Like a lot of kids who went to high school in the 1970's, I often rode the school bus. One morning on the way to the bus stop, I saw this small poodle-mix runt humping Daisy, our neighbor's female Dalmation. The runt was on his tip toes, banging away, and Daisy's tongue was hanging out and her eyes were glazed over. I said to myself, "Way to go Little Guy!" and chuckled on to the bus stop.
I boarded the bus and sat down next to my friend, Rod, and was in the midst of telling him about Daisy's morning liason when we both heard a loud, desperate yelping that turned our attention toward the window. I don't know what you all know about dog sex, but they get turned around, butt to butt, as the male's unit swells up. It can be difficult to seperate them until the "moment" passes.
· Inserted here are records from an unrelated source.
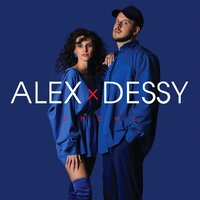 Dajd Prez Proletta - ALEX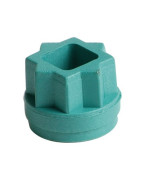 Insert- DIFF - 99281  - (X100)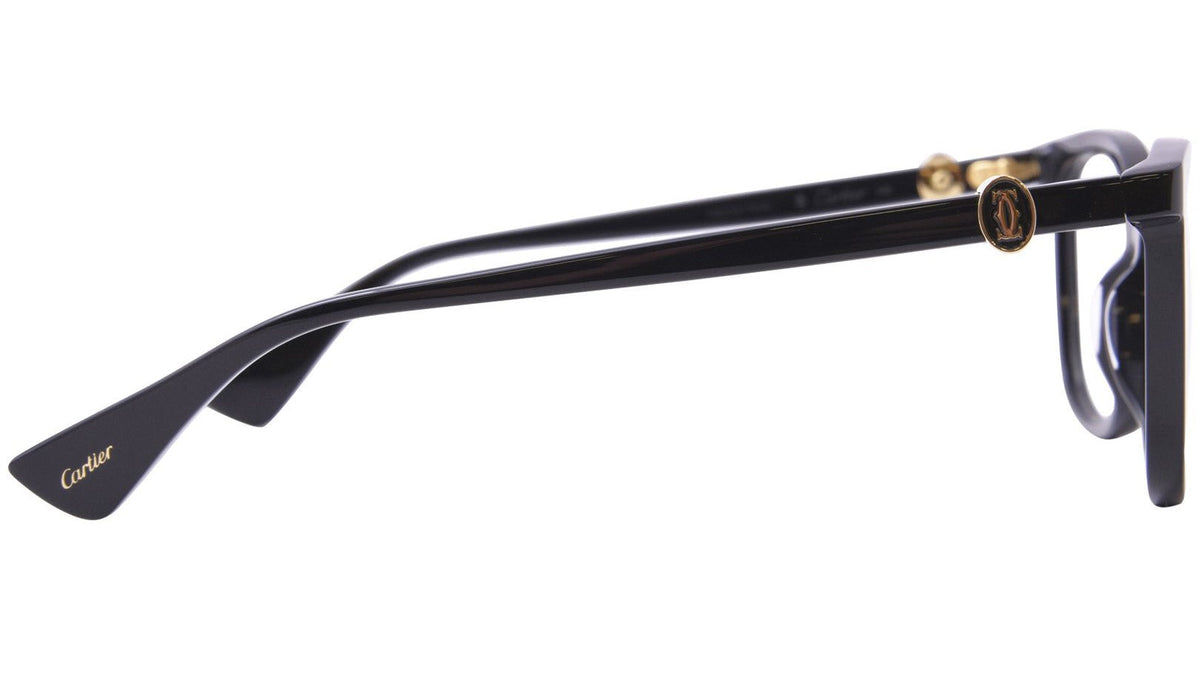 CARTIER CT0493O -CARTIER Eyeglasses- Optivision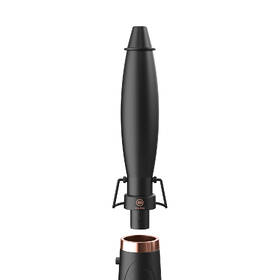 Kulma Bellissima 11888 Twist & Style 3 v 1 

 obrázek produktu 5 z 10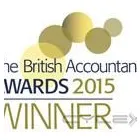 Business 5 image SALHAN ACCOUNTANTS Tax Services in Birmingham We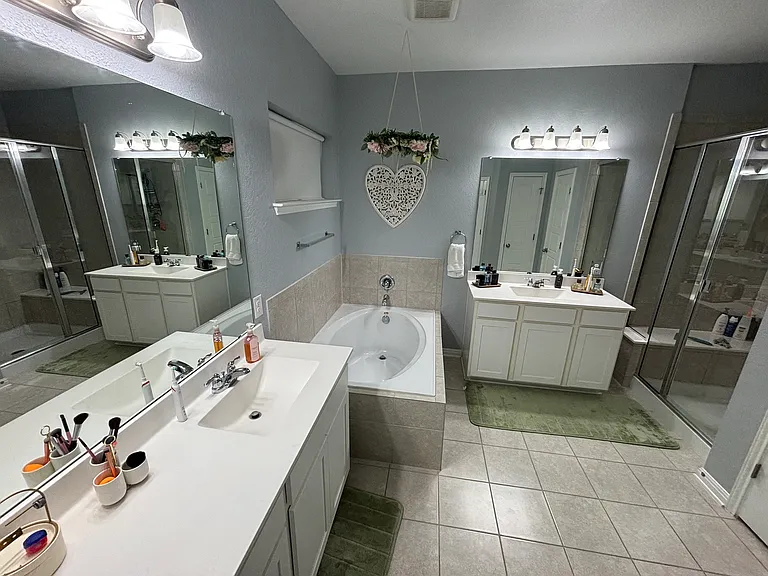 4913 Drovers Path — Photo 17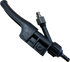 Numatic Trigger Assy (New)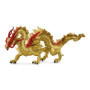 Dragon du nouvel an chinois, figurine exclusive édition limitée, pour enfants des 7 ans et adultes, schleich 72206 Eldrador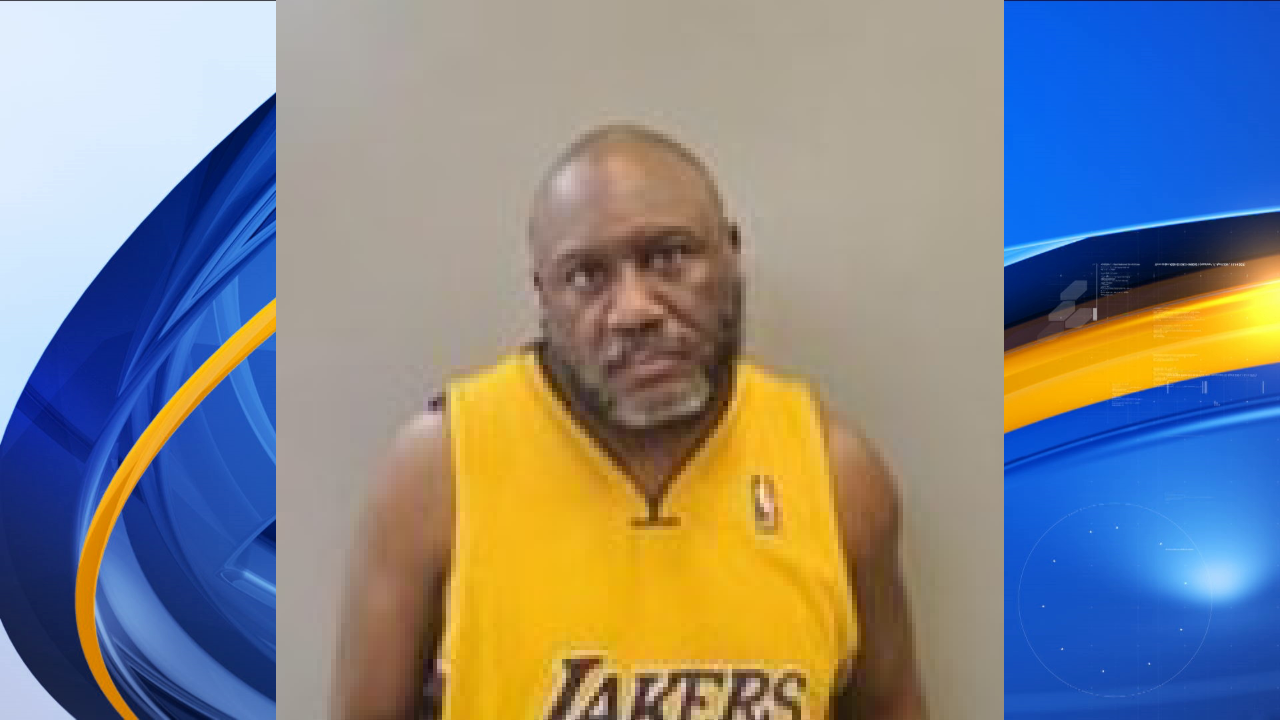 Hartselle guy arrested for ownership of gear 11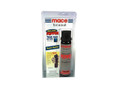 Mace Triple-Action Pepper Spray (120 Grams)
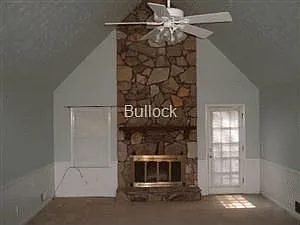 1850 Abercorn Way photo 1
Well, apparently something had spooked Daisy and she came sprinting down the street in our direction. The poor runt was attached, butt to butt, with his hind legs now about six inches off the ground while his front paws and chin were slapping off the sidewalk every ten feet or so. He was essentially being bashed against the pavement by a freaked out bitch that had a firm grip on his penis (deja vu, anyone?). A couple minutes later the runt trotted back past, by himself, with a little spring in his step. Kinky little bastard. Rod and I thought it was the funniest thing we'd seen in our entire lives.
So, that's why I try not to have sex with big women. And when I do, I'm very careful not to spook her...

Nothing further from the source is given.